Louisiana State is replacing Zach Mettenberger, who threw for over 3,000 yards and 22 touchdowns in 2013. Those are some big shoes to fill, but Harris looks to be the favorite to win the starting job. Reports from Tigers camp have done nothing but praise the dual-threat QB, who could take college’s toughest conference by storm – much like the way Manziel did in the Aggies’ first year in the SEC.

Looking at LSU’s national title odds (20/1) and odds to win the SEC title (6/1), the expectations aren’t as high for the Tigers as they are for other SEC rivals, like Alabama, Georgia or even Auburn. That could open the door for some early value, especially if the market reacts negatively when Harris is named starter.

Promoted backups

Staying within the SEC, the Georgia Bulldogs bid farewell to four-year starter Aaron Murray last season – but not the way they wanted to. Murray suffered a torn ACL in November, just one of the numerous injuries UGA dealt with in 2013.

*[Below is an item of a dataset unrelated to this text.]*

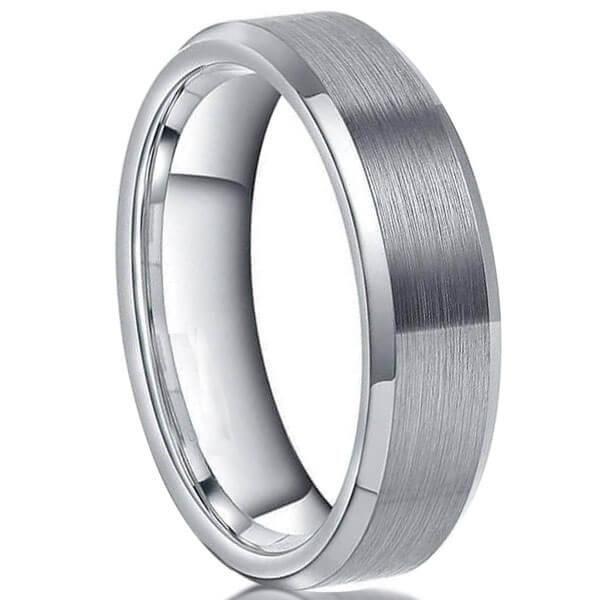 Tungsten Wedding Band for Men - Silver 6MM Comfort Fit Ring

However, Murray’s injury opened the door for his would-be replacement to get some SEC experience before officially taking over in 2014. Hutson Mason started the final two games of the season, passing for a combined 619 yards, three touchdowns and two interceptions.

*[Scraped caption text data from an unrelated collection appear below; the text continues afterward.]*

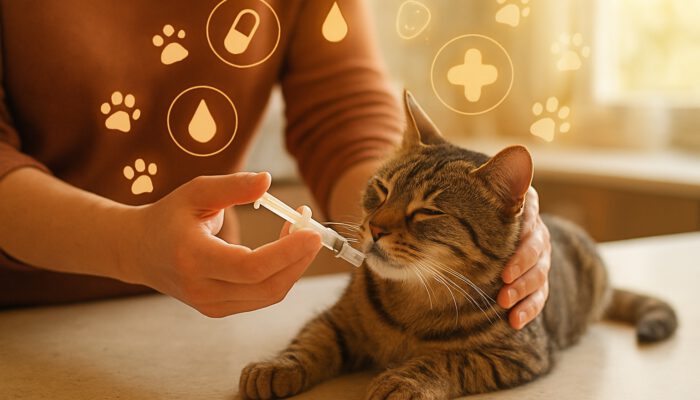 Owner syringe-feeding medicine to relaxed tabby cat with floating paw print icons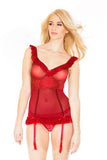 Lace Bustier with Ruffle Neckline in S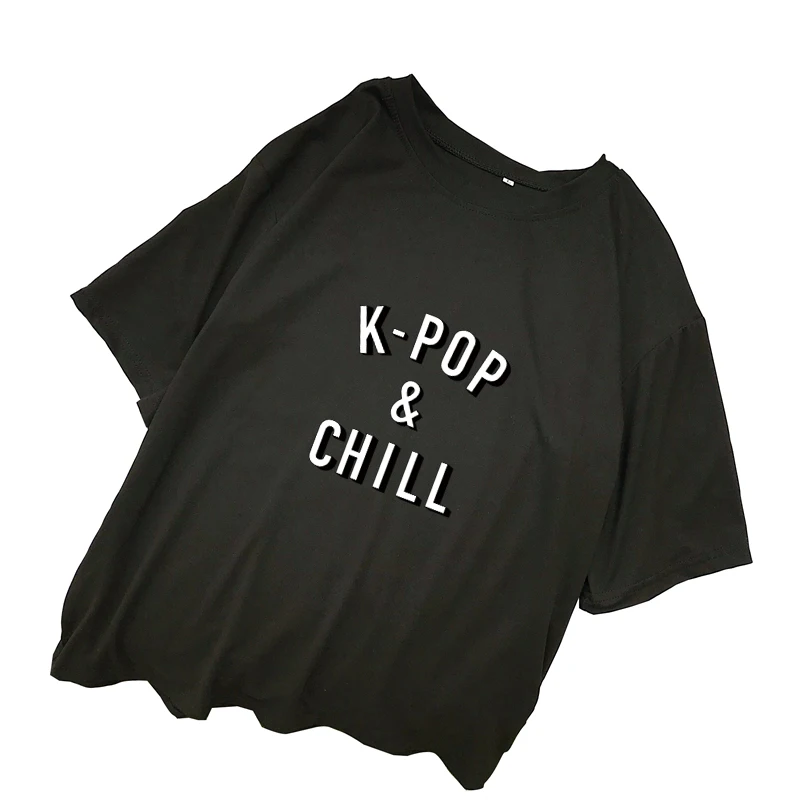 Kpop & холодильные и буквенным принтом футболки для женщин Летняя футболка Женская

Mason enters this season with a loaded roster behind him, including weapons like WR and Star Wars nerd Chris Conley and RB Todd Gurley. The expectations are high for the Bulldogs, but Mason isn’t your usual promoted backup and should adjust to the No. 1 spot quickly.


Cam Newton, who played junior college ball at Blinn College after a brief stint at Florida, transferred to Auburn for the 2010 season and had one of the greatest single seasons in college football history.

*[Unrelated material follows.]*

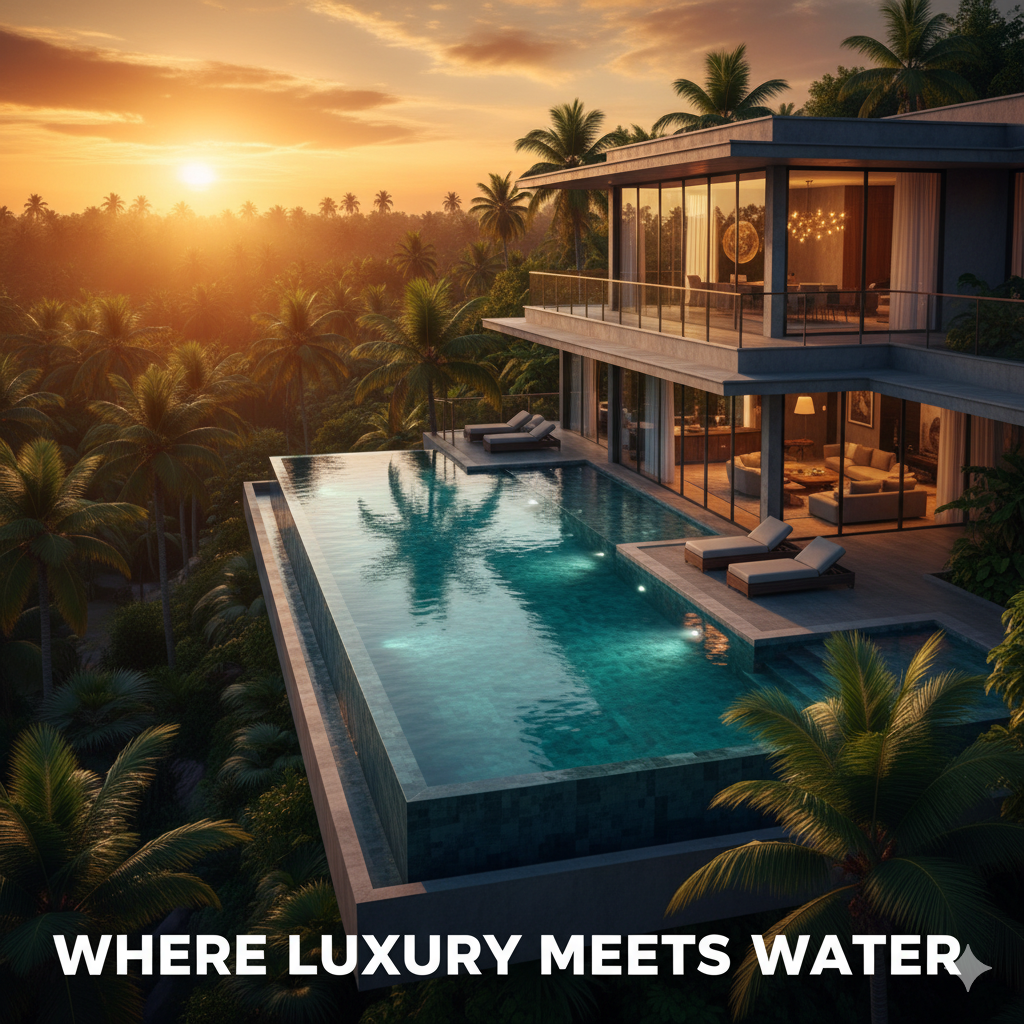 Luxury infinity pool by Moothedan Projects & Pools — aerial view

Newton earned the Heisman en route to a national title for the Tigers and was selected as the first-overall pick in the NFL Draft. Now, Newton is the extreme case when it comes to transfers. But we’ve also seen graduate QBs – not needing to sit out a year – make an instant impact at their new school, like Russell Wilson’s move from North Carolina State to Wisconsin for the 2011 season.

This year, Alabama is hoping for some transfer magic with former Florida State QB Jacob Coker taking over the Tide for graduated A.J. McCarron, who not only piloted Bama to two national championships, but brought sideline eye candy to every game thanks to girlfriend Katherine Webb.

Who knows if Coker can compete on McCarron’s level when it comes to gal pals but he has quite the buzz growing in Tuscaloosa and tops ESPN’s list of the Top 50 Breakout Player in college football this season. He has more than enough help with Alabama surrounding the 6-foot-5, 230-pound prospect with the best talent in the country.

However, the Crimson Tide are among the most popular teams in college football and garner similar support at the sportsbook, which can inflate Alabama’s lines. Those spreads may be a little too much for Coker as he adjusts to his new targets and life in the SEC.

Bare cupboards

Sometimes a star quarterback’s departure leaves a massive crater in the depth chart that can’t be filled overnight. This happens more often to smaller schools than power-conference members due to recruiting prowess.

Often times, the team’s offense and entire identity are built around those arms, who usually stay for three, four and five years at these outlining schools. Once they go, programs are forced to start from scratch or rebuild their entire playbook. And if there is no proven QB to take over the No. 1 spot, this transition can be devastating.

Central Florida finds itself in this situation with star quarterback and Heisman finalist Blake Bortles jumping to the pros with no reliable replacement for the Knights. Head coach George O’Leary hasn’t shown his hand as to who will be his Week 1 starter, with sophomore Justin Holman as the only QB with any regular season snaps on his resume.

Northern Illinois is another team absorbing a big loss at quarterback with option God Jordan Lynch burning up his eligibility. That leaves second-year head coach Rod Carey with four choices at QB – freshman Landon Root, junior Matt McIntosh, and sophomores Anthony Maddie and Drew Hare.

As the old football adage goes, “If you have three starting QBs you don’t have any,” and NIU’s running game is a bit banged up entering 2014. So whichever passer makes the grade, they could start the season with the bulk of offense on their inexperienced shoulders.